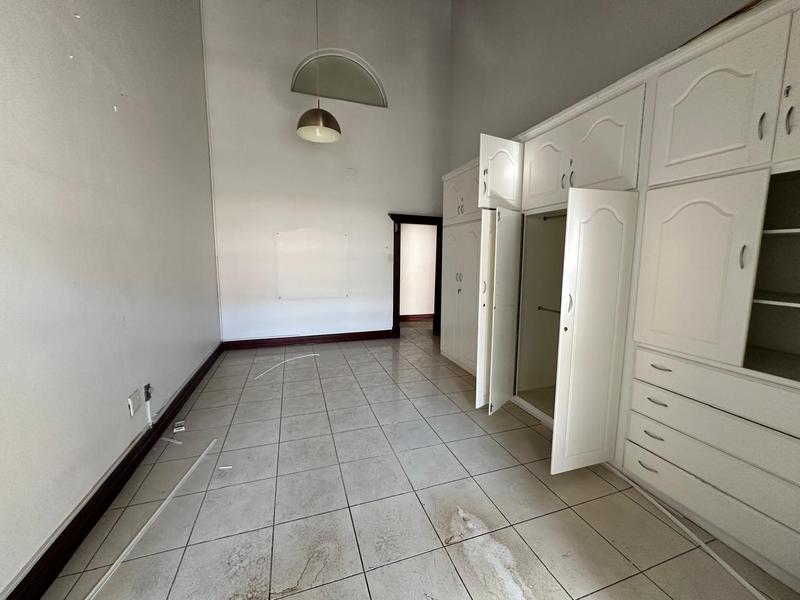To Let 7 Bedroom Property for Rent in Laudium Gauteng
::::::::::
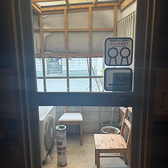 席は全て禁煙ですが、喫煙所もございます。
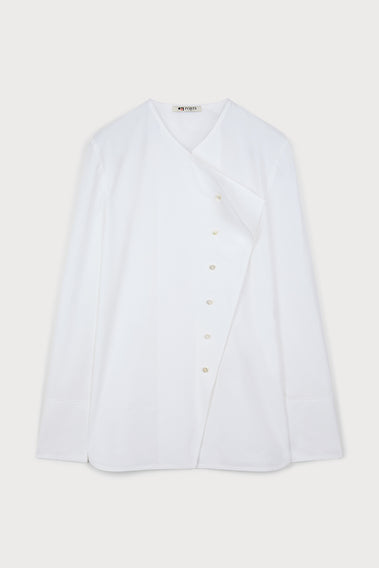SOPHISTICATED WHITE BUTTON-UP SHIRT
::::::::::
Work task —
Among the entries above, take the lines from the one with "席は全て禁煙ですが、喫煙所もございます。" through the one with "SOPHISTICATED WHITE BUTTON-UP SHIRT" and retype them exactly, leaving out the pictures.

Result —
 席は全て禁煙ですが、喫煙所もございます。
SOPHISTICATED WHITE BUTTON-UP SHIRT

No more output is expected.